This father’s day, I chose to sit down and reflect upon my dad’s influence in my life. What did he do to that helped shape me into who I am today, and why was it important? I catch all of the little nuances in my character that were picked up from him, but there are three main lessons that have stand out as part of who I am today.
The second lesson from my father has probably gotten me the farthest. It is to work hard, and be self sufficient in your work. I was the little kid that was dragged along to the hardware store, holding the flashlight in a crawlspace, digging fence posts, and mowing not only my lawn, but also every lawn within driving distance of my dad’s mower. I noticed at a young age that we didn’t hire people, my dad asked me for a hand and we did it together.
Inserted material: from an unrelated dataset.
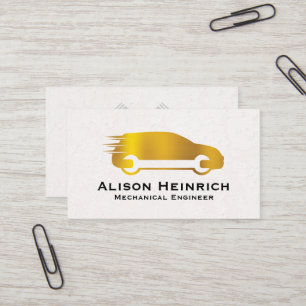 Gold Metallic Car and Wrench   Mechanic Business Card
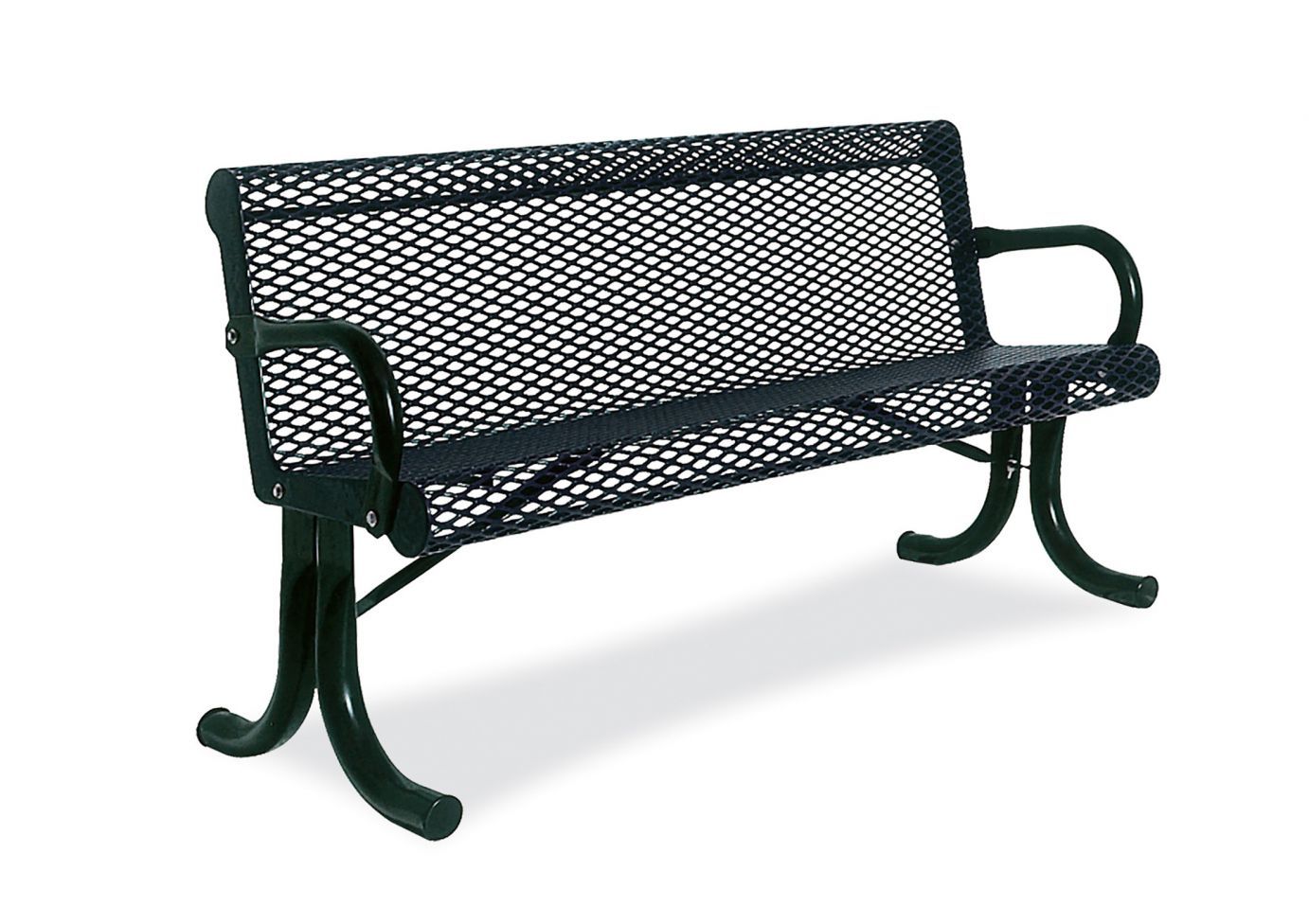 Capri Bench with black welded steel mesh seat and back, curved armrests, tubular legs, surface-mounted for outdoor parks and playgrounds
If he didn’t know exactly how to do something, he figured it out. Three parts of his lesson in hard work that constantly motivate me are to do the job right the first time, do it yourself if you can, and if you don’t know how to do it you can learn by trying.
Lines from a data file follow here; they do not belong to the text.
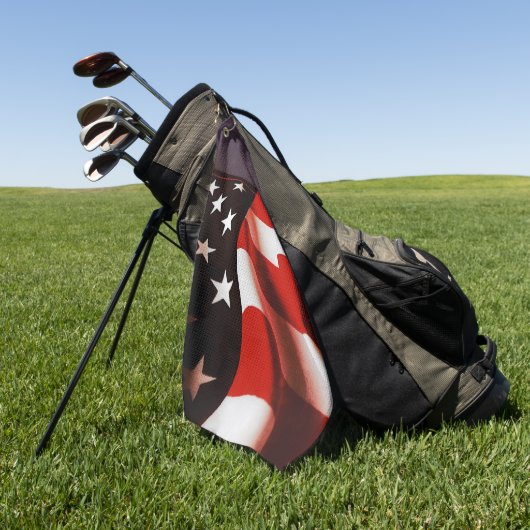 Serviette De Golf Drapeau américain drapé (Vert)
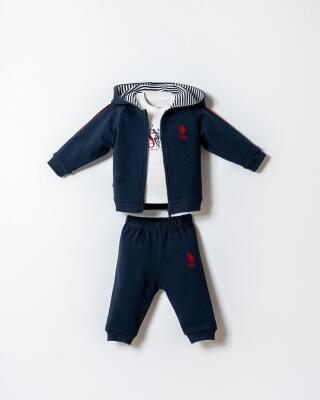 U.S. Polo Assn. Erkek Bebek 3’lü Takım Kapüşonlu Fermuarlı Sweatshirt T-Shirt Pantolon - 1
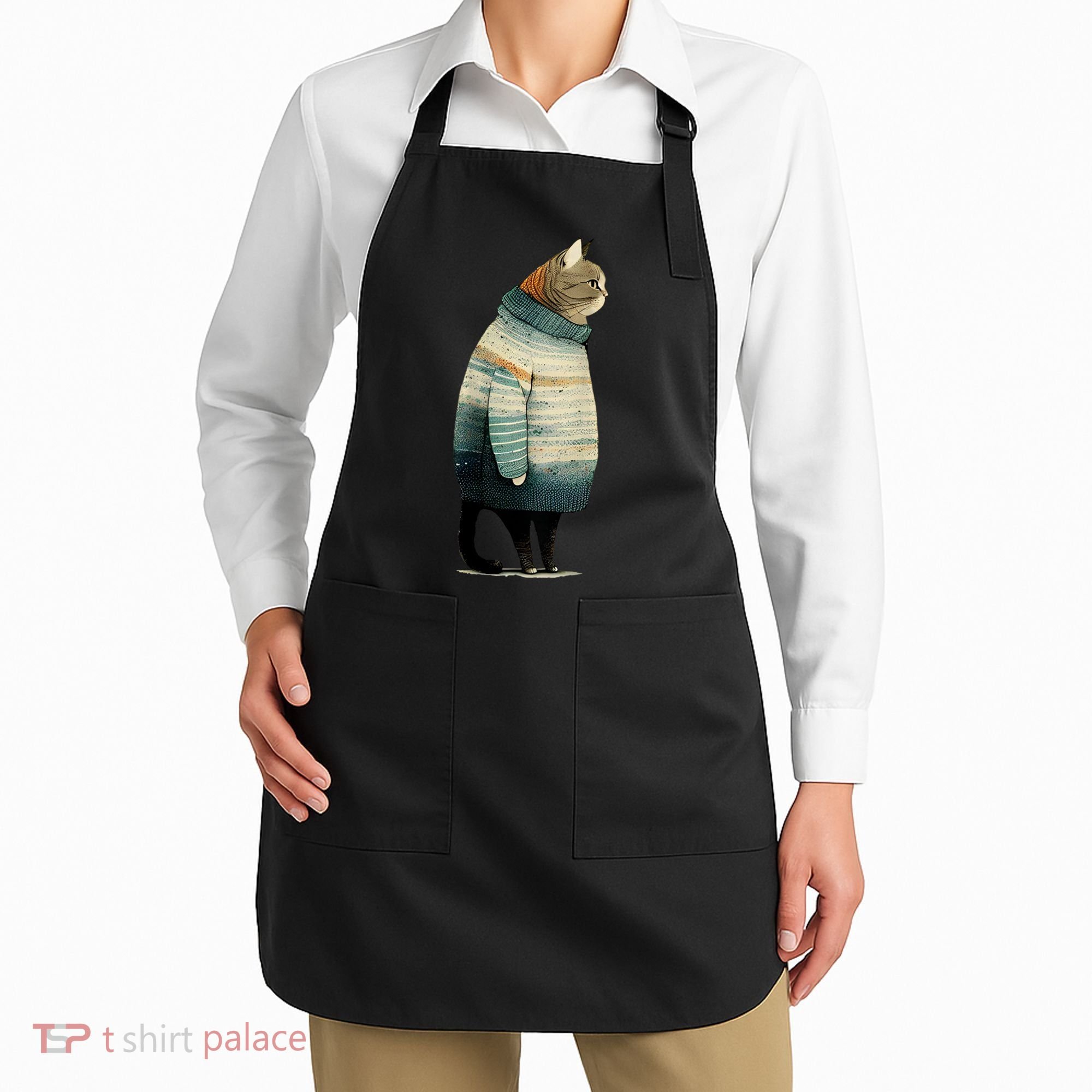 Cat Wearing A Sweater Funny Pet Fat Gray Cat In Sweater Apron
The third lesson from my father might be the most visible in my life, and the other two influence it. It is a deep love, respect and responsibility towards the outdoors. From the time I could walk, dad would take me on hikes. As soon as I was strong enough to draw a bow, dad taught me archery. Before I was old enough to hunt myself, dad took me along with him to see how he hunted.
Following his example, I learned to respect the outdoors, respect the wildlife, and to be conservation minded so that others will be able to share their love of the outdoors for generations to come. My appreciation for hunting, fishing, and the outdoors in general comes not only from being immersed in those things, but from the traditions and memories that go along with it. Being included at hunting camp from very young age let me know I could be one of the guys, no longer a child. Getting up at 3AM to hike miles into the woods to sit and wait in the cold damp forest for the sun to rise during deer season, or laying in a cornfield when it’s -2 degrees outside under a blanket of cornstalks hiding me from the geese on the horizon are moments I can never forget.
These are memories that, at the time they happened, momentarily felt like hardship, but any discomfort was outweighed by seeing nature at a time of day when most others were sleeping, and enjoying a meal that was killed, cleaned, and cooked by my dad and me.